In a text analysis device that analyzes text data,
An abbreviation determination device according to claim 3,
Text storage means for storing text data and an accent type in association with each other,
The dividing means of the abbreviation determination device is configured to divide document data into text data based on the stored contents of the text storage means,
Means for giving an accent type to each of the text data divided by the dividing means based on the stored contents of the text storing means;
The abbreviation determination device is configured to determine whether text data not stored in the text storage means is an abbreviation,
A text analysis apparatus comprising means for giving a predetermined accent type to text data determined to be an abbreviation by the abbreviation determination apparatus.

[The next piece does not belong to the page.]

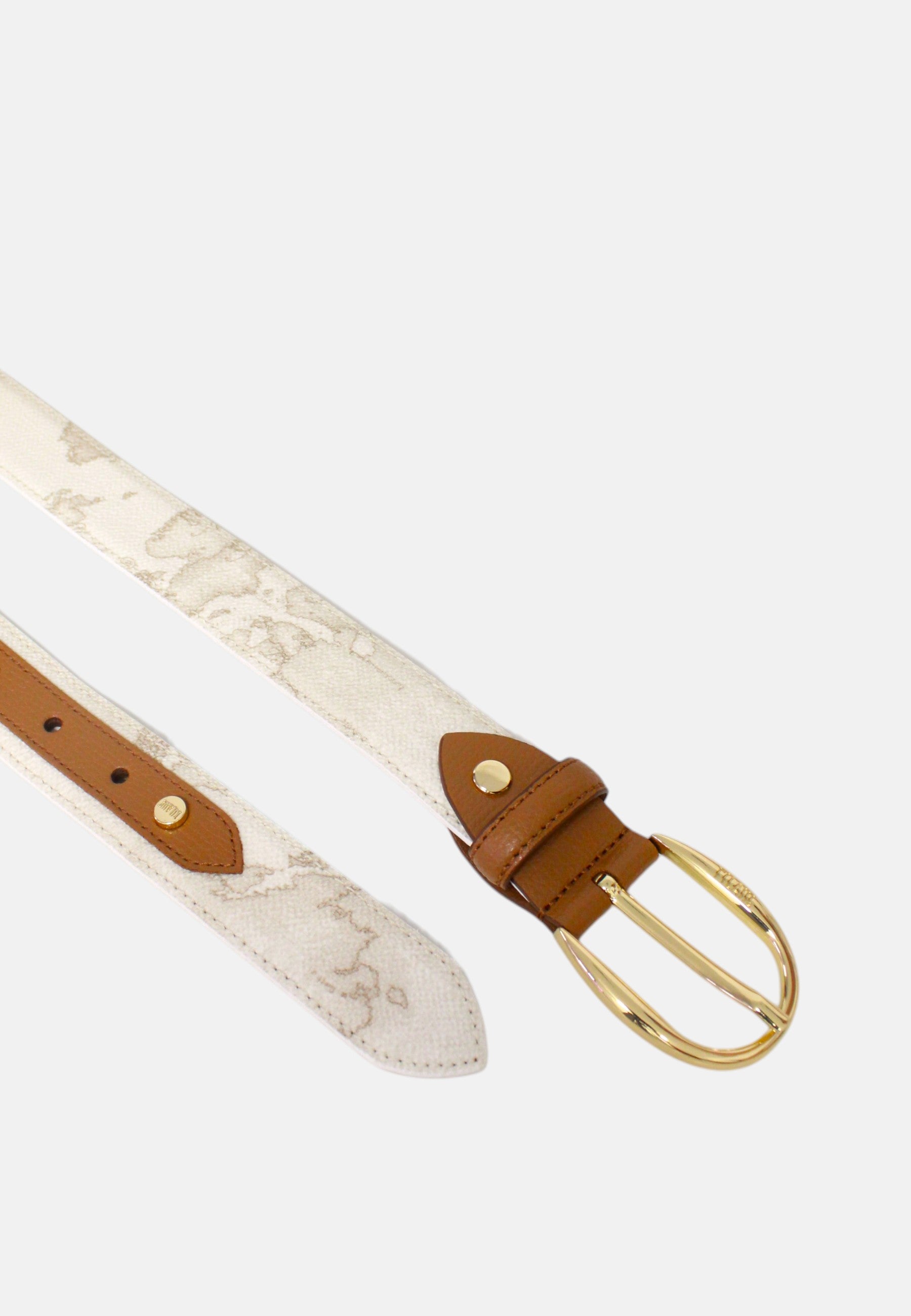 Cintura Donna Alviero Martini 1a Classe Bianco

In a speech synthesizer that generates synthesized speech from text data,
A text analysis device according to claim 6;
Prosody generation means for generating prosody corresponding to each morpheme based on the morpheme divided by the morpheme dividing means of the text analysis device and the accent type assigned to each morpheme;
A speech synthesizer comprising: waveform generation means for generating synthesized speech based on the prosody generated by the prosody generation means.